I know this is the first time a US company is trying to have a public “Dutch auction” instead of relying on investment banks, but ground-breaking it ain’t…
Granted, in India you cannot apply on the web but investors can access one of the world’s largest financial networks with 7,000 terminals scattered around 350 cities. And every step of the bookbuilding process is public. On my computer, I could see regular updates of the number of orders for the TCS offering, their size and price, as if I was one of the underwriters.
Following the bookbuilding process in this kind of detail is much more important than applying for the shares online. After all, the power investment bankers and companies have over investors resides in their exact knowledge of who is bidding what for the shares.
But if the bids are all on the world wide web, the only tension you get is the three second wait while the stock exchange’s page reloads. The financial tyranny of bankers and companies has been overturned in, of all places, India, the world’s largest democracy.

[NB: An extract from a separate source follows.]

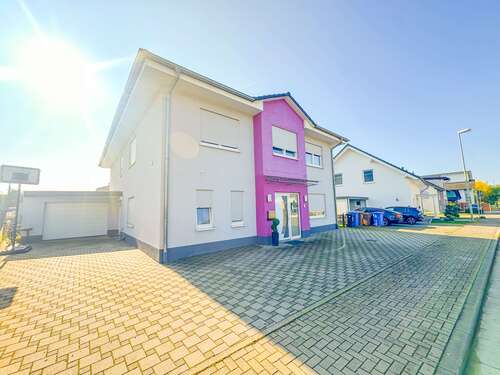 Foto - Haus zum Kaufen in Katzweiler 639.000,00 € 300 m²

The Indian system is a refreshing example of a transparent IPO market but it is also a rare one, especially in the insider-friendly Asian markets. [FT, Linkthanks Sameer Wagle]The country that gave the world the decimal system and heliocentric cosmology produced both transparent stock market practices and practitioners like Harshad Mehta and Ketan Parekh. Indira Gandhi was right. So was that character Sanjeev Bhaskar plays in the BBC’s Goodness Gracious Me.